I no sono sempre più facili dei si. Si accordano con straordinaria rapidità. L’ultimo “no” è arrivato perfino per un ruolo da centralinista, con la motivazione che “se la disabilità supera il 75% non possiamo assumerla”. Una risposta che racconta forse qualcosa di più dei pregiudizi di chi la pronuncia che delle reali possibilità di Mariangela.
Come impresa sociale, siamo ogni giorno dentro e a fianco a questi scenari: lavoriamo per rimuovere barriere, creare opportunità e supportare persone che, come Mariangela, chiedono solo ciò che spetta a tutti: un’occasione.
Non la pietà, non la concessione, ma il riconoscimento del proprio valore.
Condividiamo questo articolo perché crediamo che la storia di Mariangela sia ancora la storia di tanti e tante.
È la storia di un mondo del lavoro sempre meno accessibile.
Perché il collocamento non si misura sempre in percentuali di disabilità, ma in capacità, impegno e potenzialità.
Mariangela te lo diciamo in inglese: don’t give up the fight.
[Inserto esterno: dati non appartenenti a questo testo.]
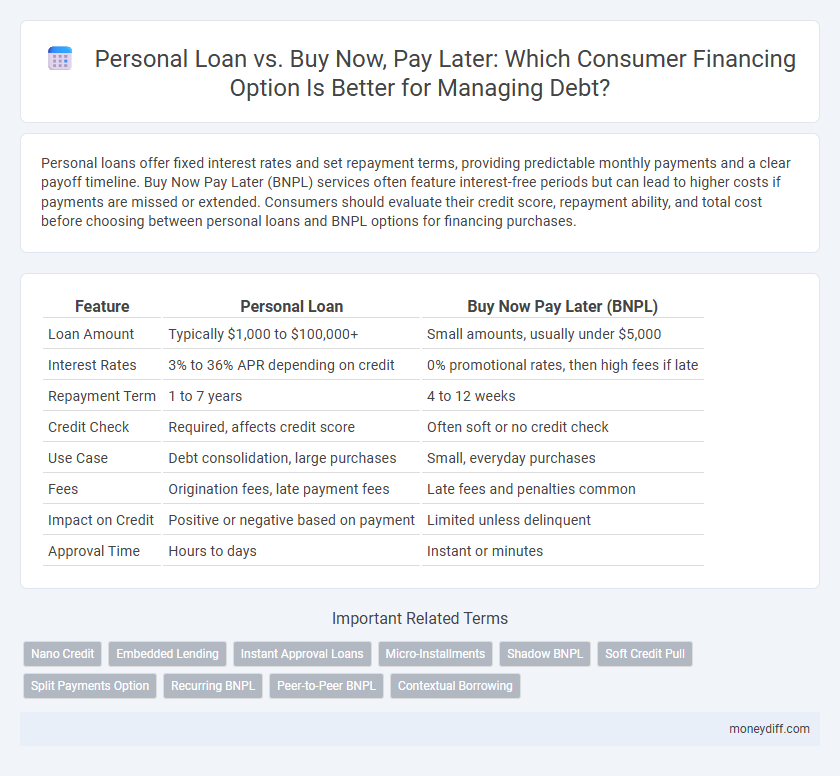 Personal Loan vs. Buy Now, Pay Later: Which Consumer Financing Option Is Better for Managing Debt?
Disposta a tutto, anche a volare basso, pur di lavorare. Ma finora Mariangela Attolico, 24enne di Bari, ha fatto soltanto incetta di “no”. E il motivo è da ricercarsi – o meglio: tale è la ragione addotta da chi di dovere – nella sua condizione di disabilità, che la obbliga alla carrozzina e le rende necessaria una forma di assistenza. Ma che di fatto non le è stata da ostacolo nel conseguimento di una laurea, in ingegneria biomedica, anche in tempi brevi, che ben altre prospettive le aveva offerto in dote. Certo qualcosa di diverso dalla candidatura come centralinista, presentata all’esito di un muro di rifiuti, e pure respinta al mittente. “Se la disabilità supera il 75 per cento non possiamo assumerla”, la risposta dell’azienda, lapidaria, ma non meno delle altre.